= Anitta text =

Oldest known text in an Indo-European language

The Anitta text also known as Deeds of Anitta, is the oldest known text in the Hittite language, and the oldest known text in an Indo-European language overall. It is said to have been authored by King Anitta. It is dated to 1700 BCE.

It is considered by Alfonso Archi as originally written in Akkadian language and Old Assyrian script, at the time Anitta ruled from Kanesh, when Assur colonies were still in Anatolia. This text seems to represent a cuneiform record of Anitta's inscriptions at Kanesh too, perhaps compiled by Hattusili I, one of the earliest Hittite kings of Hattusa.

It also indicates that Anitta's father conquered Neša (Kanesh, Kültepe), which became an important city within the kingdom of Kuššara.

During his own reign, Anitta defeated Huzziya, the last recorded king of Zalpuwa, and the Hattic king Piyusti and then conquered his capital at the site of the future Hittite capital of Hattusa. He then destroyed the city, sowed the ground with weeds, and laid a curse on the site.

Anitta, Son of Pithana, King of Kussara, speak! He was dear to the Stormgod of Heaven, and when he was dear to the Stormgod of Heaven, the king of Nesa [verb broken off] to the king of Kussara. The king of Kussara, Pithana, came down out of the city in force, and he took the city of Nesa in the night by force. He took the King of Nesa captive, but he did not do any evil to the inhabitants of Nesa; instead, he made them mothers and fathers. After my father, Pithana, I suppressed a revolt in the same year. Whatever lands rose up in the direction of the sunrise, I defeated each of the aforementioned.

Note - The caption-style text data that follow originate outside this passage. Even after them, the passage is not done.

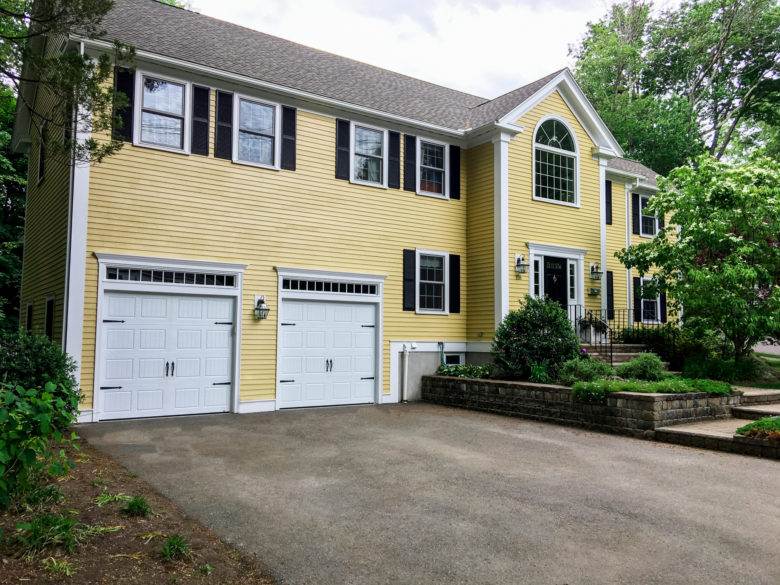 Exterior Painting in Needham, MA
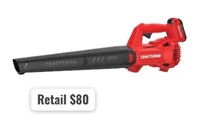 CRAFTSMAN V20 20-volt Handheld Leaf Blower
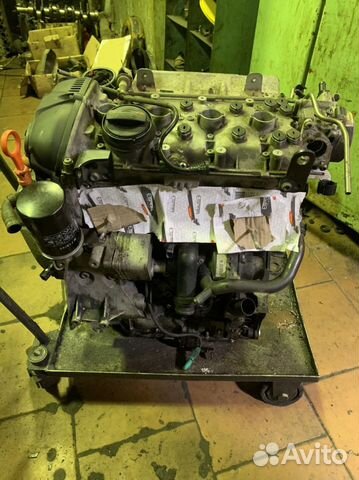 Двигатель VAG 1,8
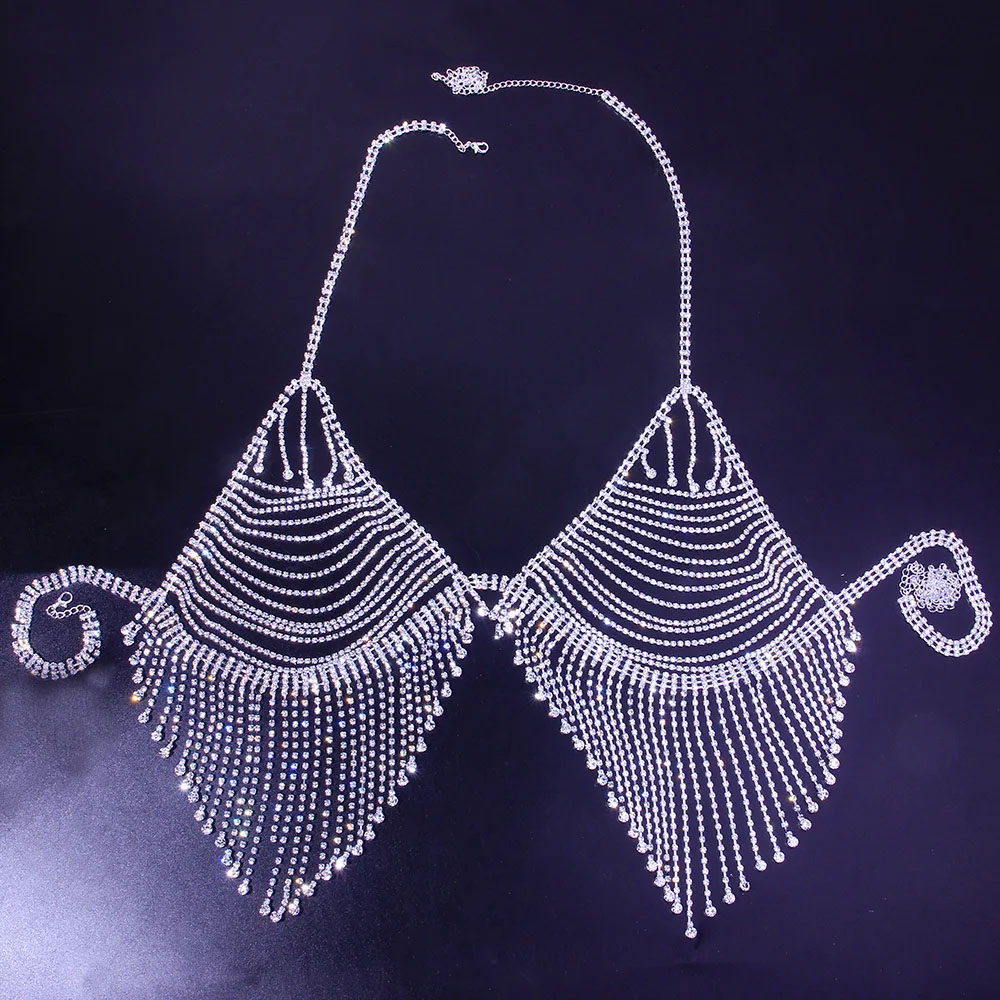 Biustonosz z z kryształu górsk – Body Jewelry Retainers recenzja i cena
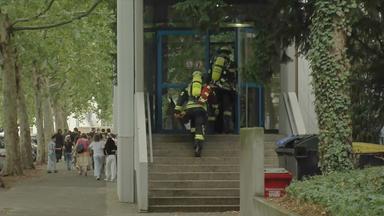 Feuerwehreinsatz in Schule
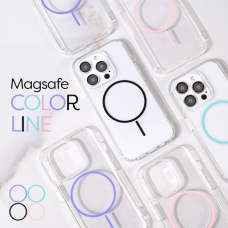 Futrola Magsafe Color Line za iPhone 12/12 Pro 6.1 plava
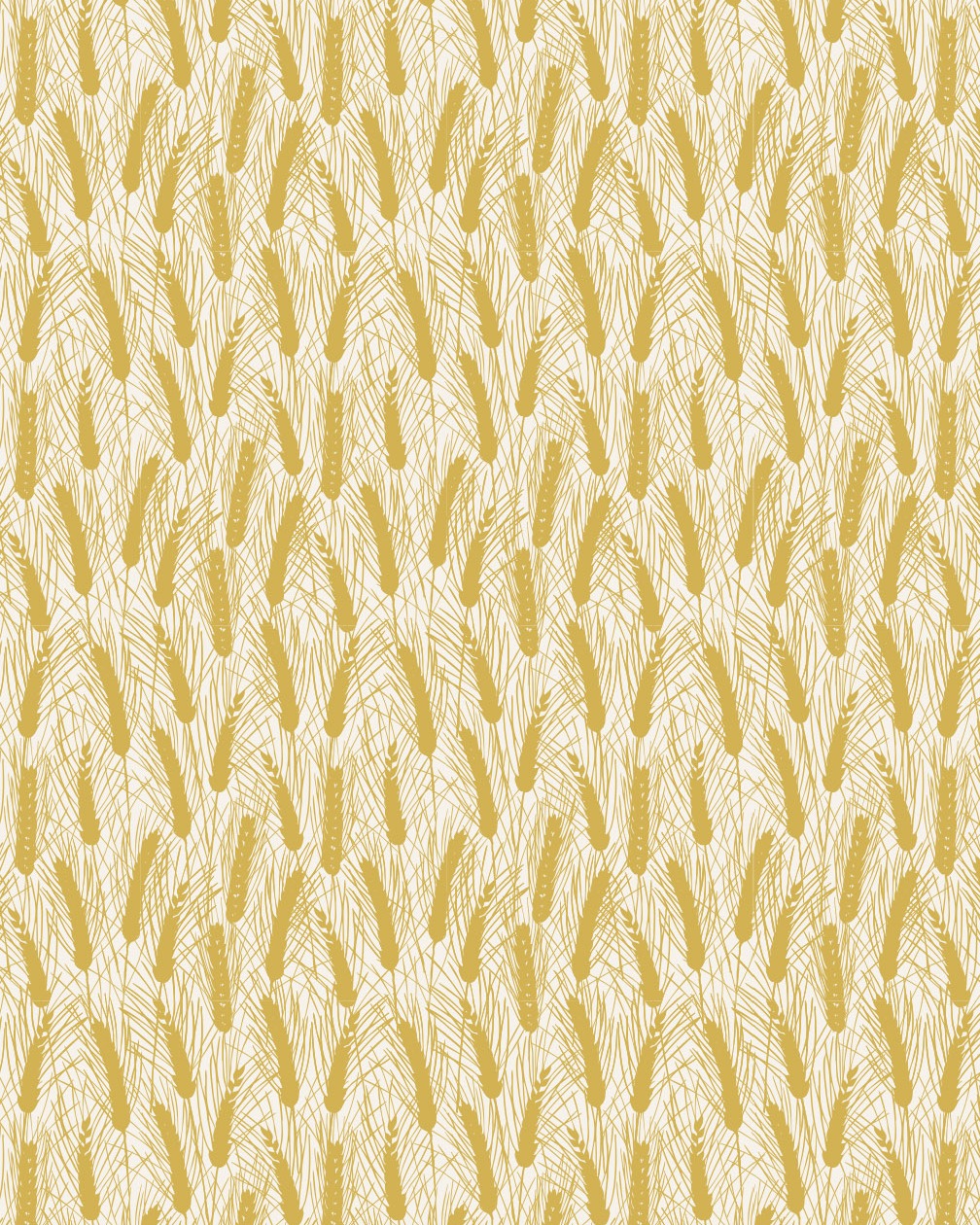 A collection of patterns about the prairies wouldn’t be complete without one inspired by golden wheat fields.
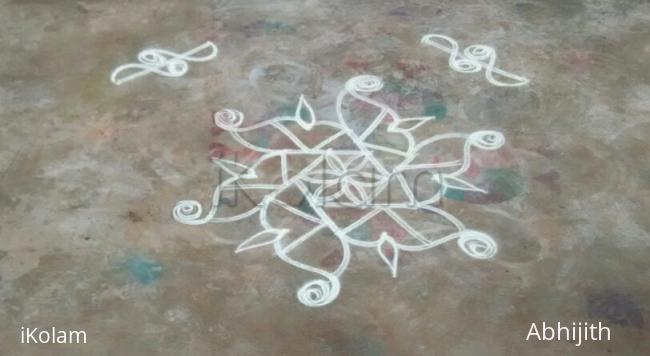 Rangoli: Beginner's Kolam 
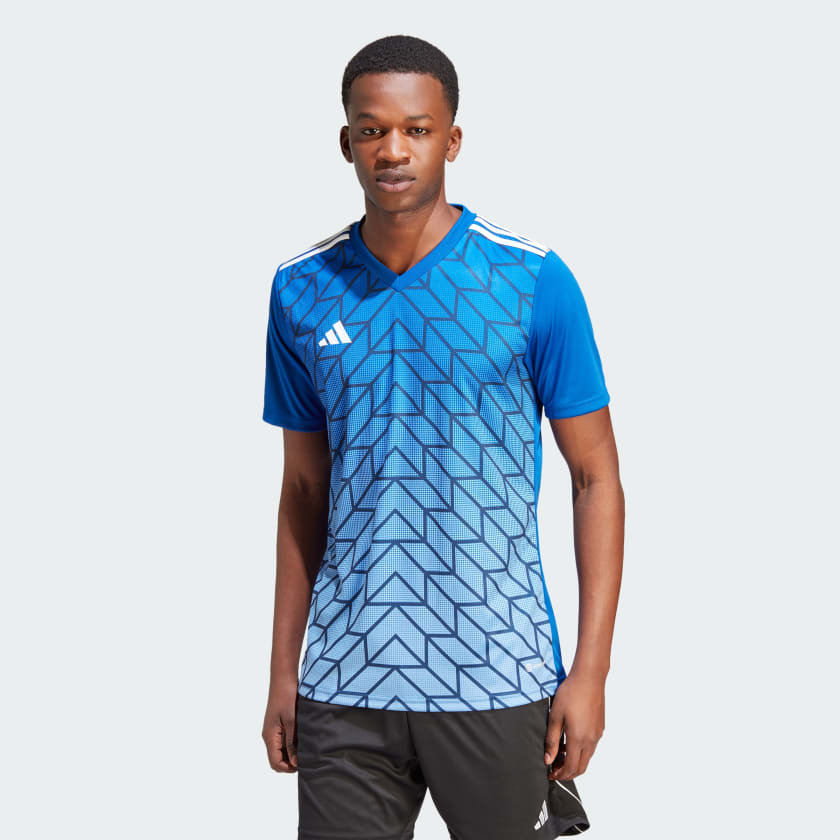 adidas Team Icon 23 Men's Soccer Jersey Royal - HR2632-ADIDAS by adidas | Available at Niky's Sports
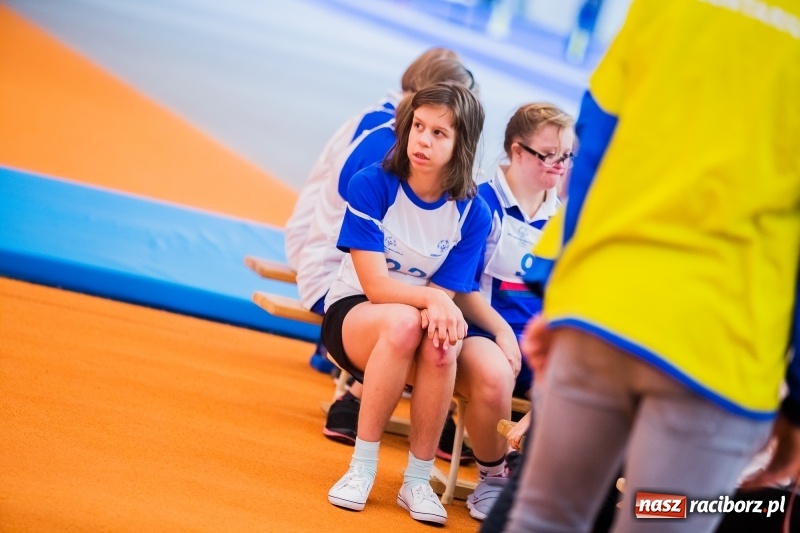 Zdjęcie w galerii na portalu naszraciborz.pl: XVII Śląski Mityng Olimpiad Specjalnych wiadomości z regionu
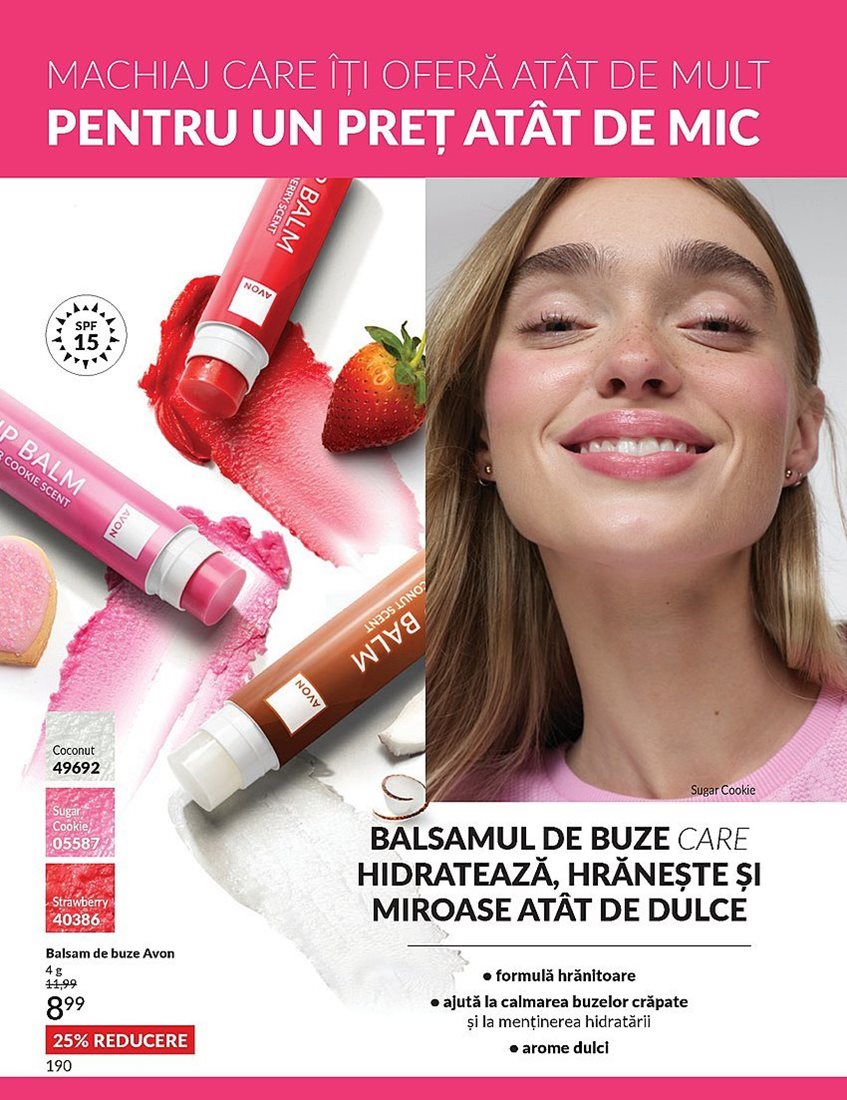 avon - Catalog Avon valabil din 01.01. - 31.01. - page: 190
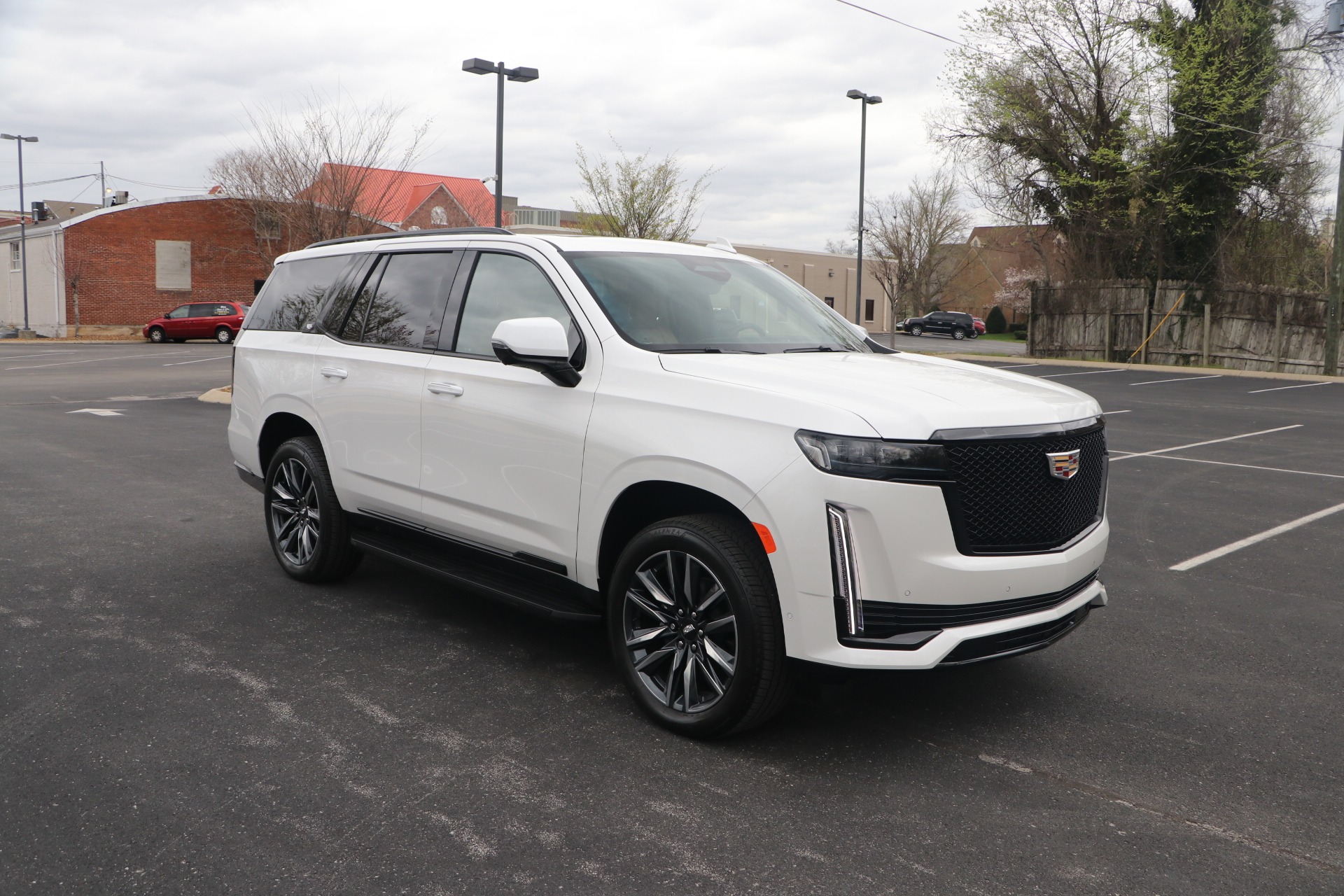 Used 2021 Cadillac Escalade SPORT 4WD W/NAV For Sale (Sold) | Auto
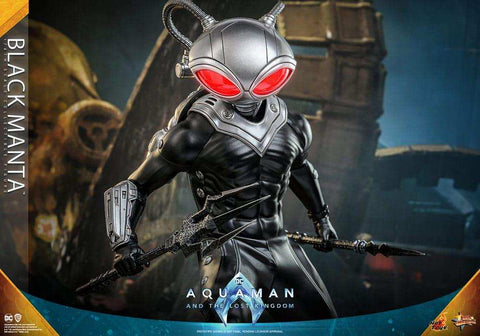 Aquaman Lost Kingdom Movie Masterpiece Actionfigur 1/6 Black Manta 34 cm - Smalltinytoystore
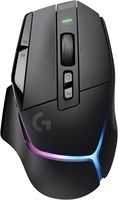 Беспроводная оптическая мышь Logitech G502 X Plus Lightspeed — гибридные переключатели LIGHTFORCE, LIGHTSYNC RGB, игровой датчик HERO 25K, совместимость с ПК — macOS/Windows — черный 1000001839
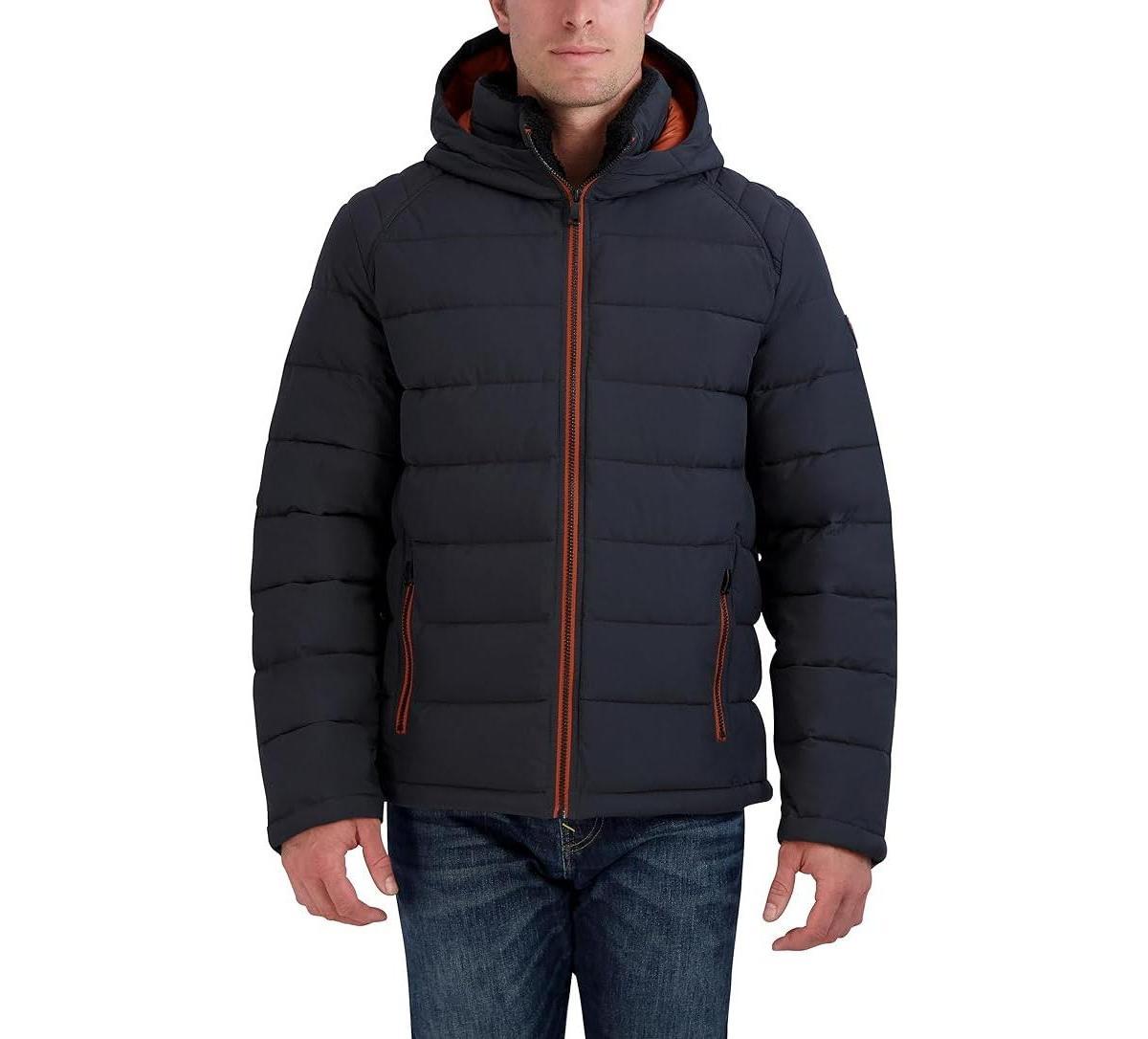 Men's Halitech Quilted Jacket, Size: XL, Yellow Product Image
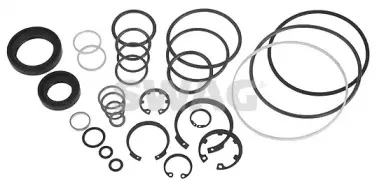 10 80 0007 SWAG Комплект прокладок, рулевой механизм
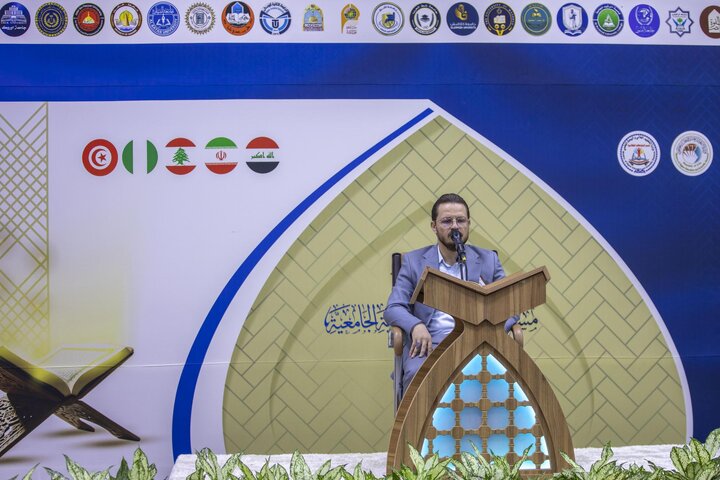 تقرير مصور/ انطلاق مسابقة النور القرآنية الدولية في جامعة العميد بكربلاء المقدسة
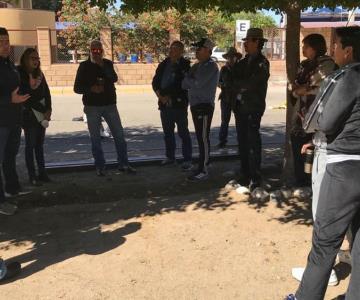 Vecinos de colonia Staus piden permiso para instalar puerta de seguridad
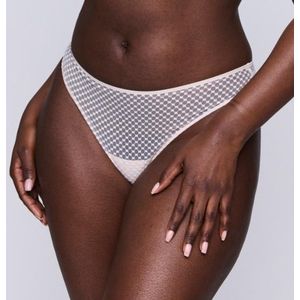 PrimaDonna Twist Glass Beach String 0642350 Crystal Pink - maat 40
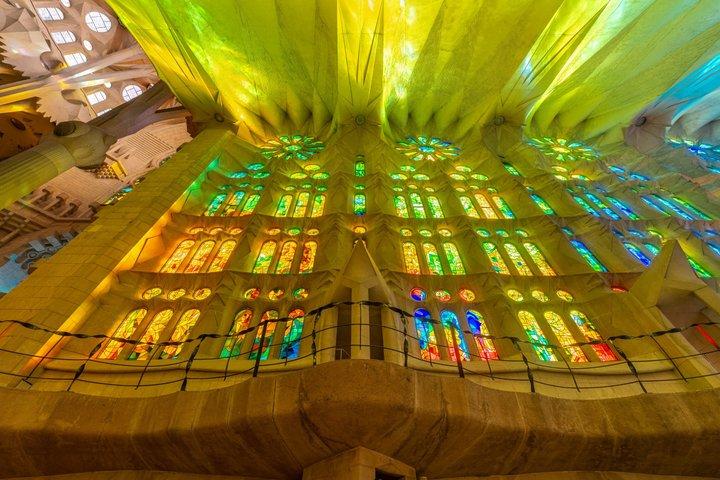 Barcelonas Sagrada Familia von Gaudí mit exklusivem Zugang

Previously, Uhna, the king of Zalpuwas, had removed our Sius from the city of Nesa to the city of Zalpuwas. But subsequently, I, Anittas, the Great King, brought our Sius back from Zalpuwas to Nesa. But Huzziyas, the king of Zalpuwas, I brought back alive to Nesa. The city of Hattusas [tablet broken] contrived. And I abandoned it. But afterwards, when it suffered famine, my goddess, Halmasuwiz, handed it over to me. And in the night I took it by force; and in its place, I sowed weeds. Whoever becomes king after me and settles Hattusas again, may the Stormgod of Heaven smite him!